The project, which is coordinated by Airbus, brings together partners from universities, research organisations and industry, including many major airline manufacturers, from 12 EU Member States plus Russia.

Radically rethinking aircraft design

For the past 50 years, aircraft designers have achieved significant gains in fuel efficiency and, by extension, environmental performance. However, if further improvements are to be made, entirely new aircraft concepts will need to be developed, and that is where the NACRE project comes in.

Their aim is not to focus on one specific type of aircraft, but rather to develop generic solutions at component level with a view to ensuring that the results can be applied to a wide range of new aircraft. For each of the major aircraft components (cabin, wing, propulsion system, fuselage), the researchers are investigating aspects such as aerodynamics, materials, structure, engines and systems, to see how they would affect the quality, affordability and environmental performance of air transport.

The project partners are working with three specific aircraft concepts in mind. The ‘Pro Green’ aircraft concept places an emphasis on reducing the environmental impact of air travel, while the ‘Payload Driven Aircraft’ concept aims to optimise payload and the quality of the aircraft for its end users. Finally, the ‘Simple Flying Bus’ concept is devoted to lowering both manufacturing costs and the costs of ownership.

Creating something ‘very different from conventional aircraft’

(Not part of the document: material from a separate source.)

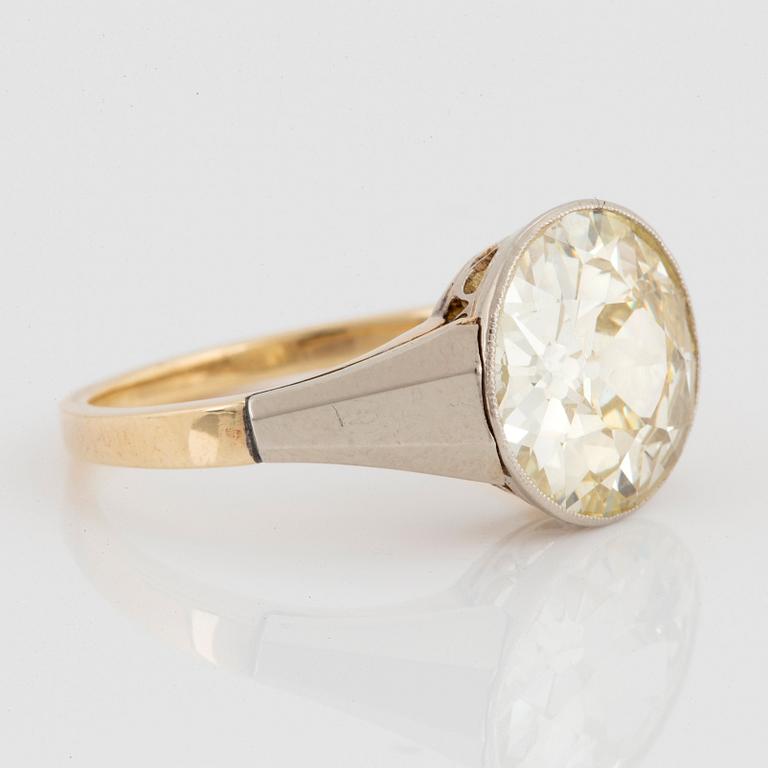 Ring med en gammalslipad diamant 5.30 ct enligt uppgift kvalitet ca Light Yellow vvs/vs.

In their quest for better aeroplanes, the NACRE team was not afraid to meddle with the shape of the aircraft. They have developed a ‘Flying Wing’ aeroplane, in which the entire aircraft is shaped like a giant wing.

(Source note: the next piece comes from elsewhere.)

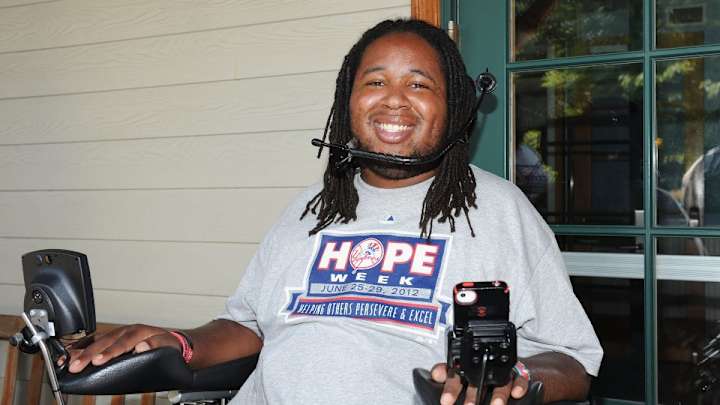 Rutgers' Eric LeGrand tweets Beyoncè VMA meme using a photo of his injury Rutgers' Eric LeGrand tweets Beyoncè VMA meme using a photo of his injury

The project partners have maximised the use of the inside of the aircraft to create a comfortable space for passengers. Experiments have proven that it is possible to evacuate passengers from such an aircraft within the time set by safety regulations.

The flying wing format significantly reduces drag, and the partners are busy refining the shape of the wing further so that air flows over it as smoothly as possible. Reducing drag slashes fuel consumption, and so benefits the environment and passengers’ wallets.

Turning ideas into reality

The project team cannot predict when developments made in the framework of NACRE will be ready for application; many of the technologies involve highly unconventional configurations, and so are more suited to the next generation of aircraft than the aircraft of today.

Nevertheless, many of the project partners are aircraft manufacturers, and they are keen to maximise the achievements of the project they have invested in. With this in mind, the project coordinator predicts that while the new aeroplanes coming online in the next few years will probably not feature NACRE-derived components, they may well feature on the aircraft coming after that.

Meanwhile a lot more research is needed before these technologies can be used commercially. The NACRE project partners are already launching new projects to carry out this research and move these exciting new technologies forward.

Meanwhile technologies which are closer to application could be taken up by the Clean Sky Joint Technology Initiative (JTI). The JTI is an industry-led, public-private initiative which brings together public funding agencies including the European Commission and the private sector. Many of the NACRE partners are also actively involved in Clean Sky, making them ideally placed to bring the NACRE results to the wider aeronautics research community.